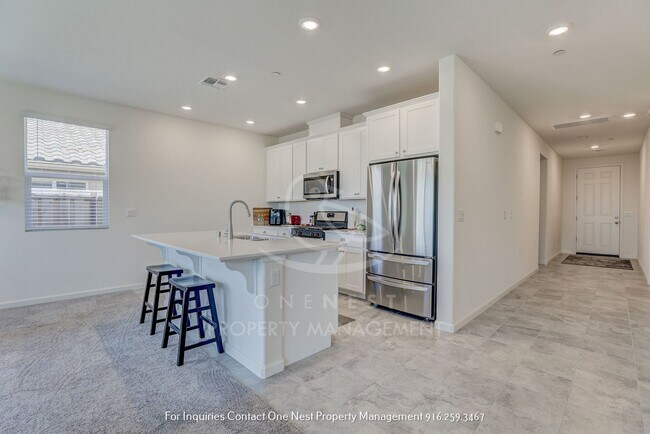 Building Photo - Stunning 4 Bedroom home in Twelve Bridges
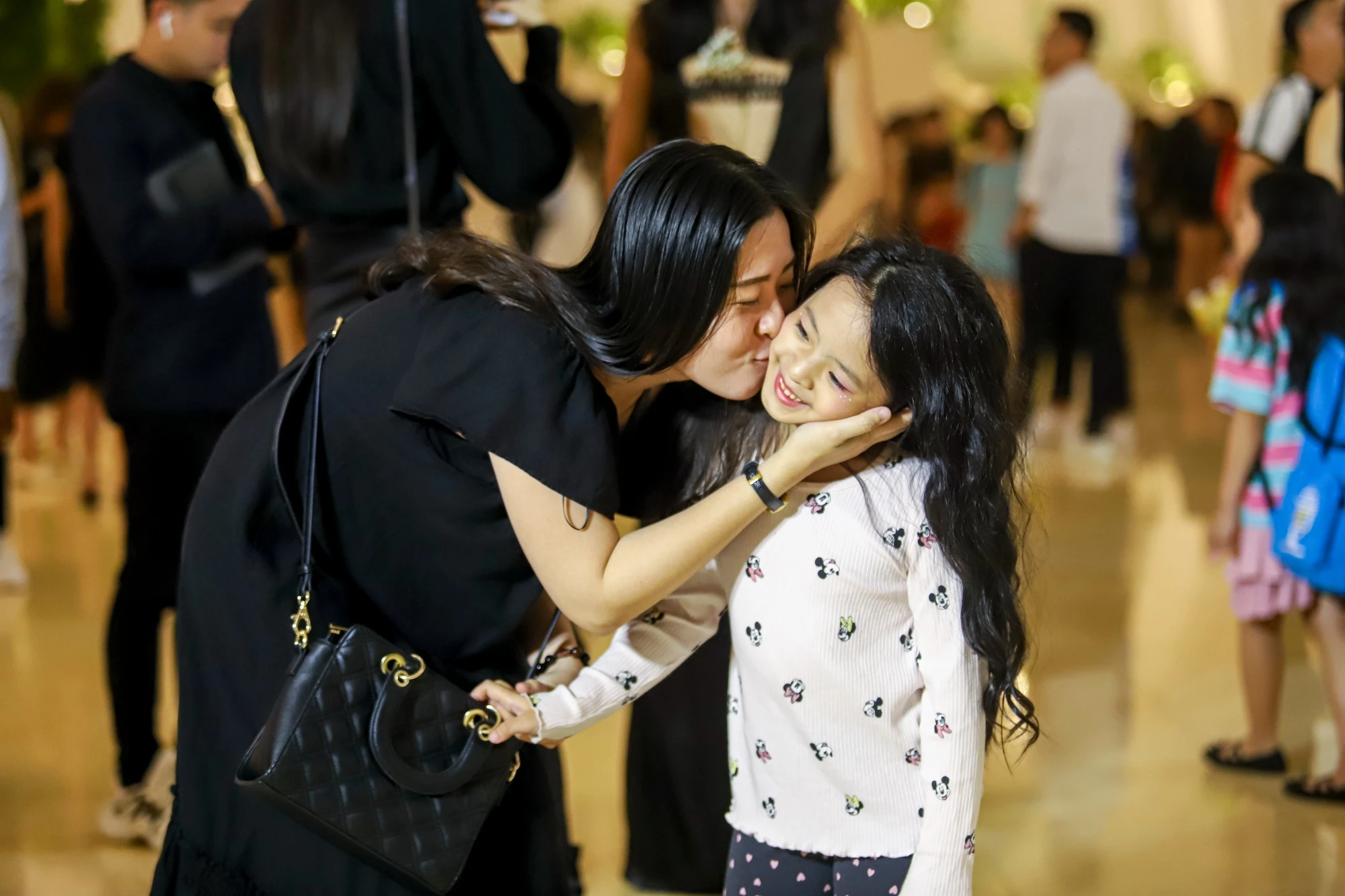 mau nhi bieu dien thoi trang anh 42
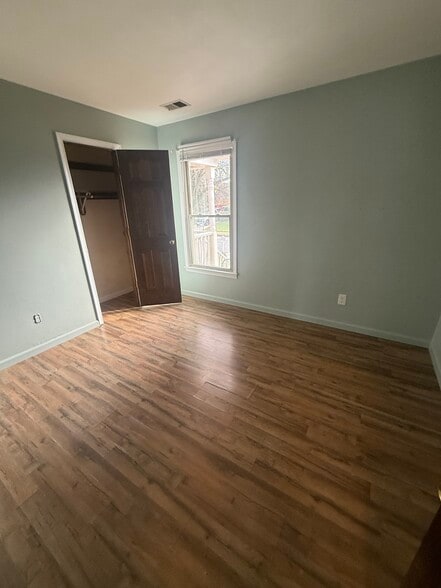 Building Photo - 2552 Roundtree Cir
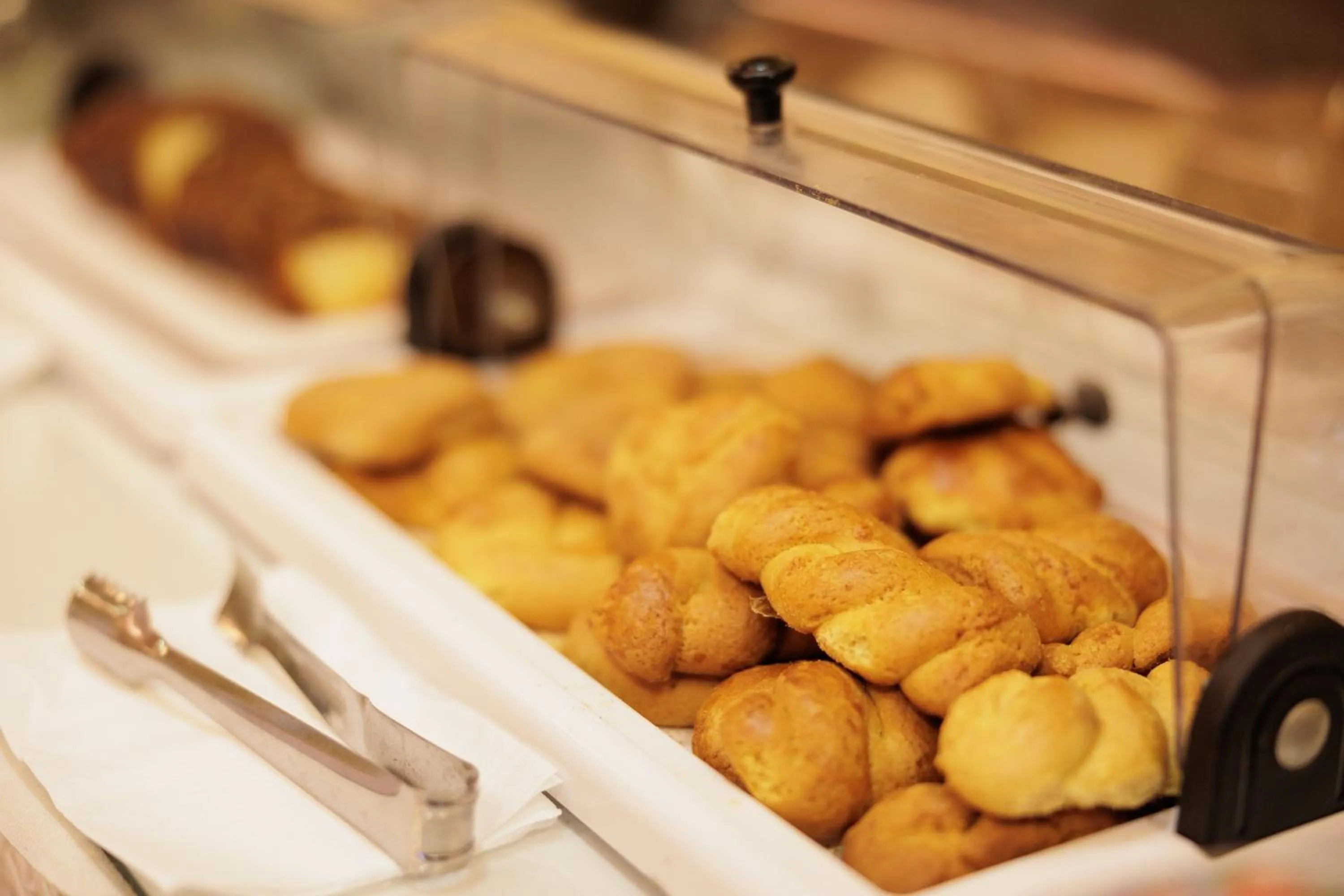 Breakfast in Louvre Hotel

******

- Your instructions: The expected answer is the listing above, duplicated exactly, with its pictures removed.

- Written solution:
 Building Photo - Stunning 4 Bedroom home in Twelve Bridges
 mau nhi bieu dien thoi trang anh 42
 Building Photo - 2552 Roundtree Cir
 Breakfast in Louvre Hotel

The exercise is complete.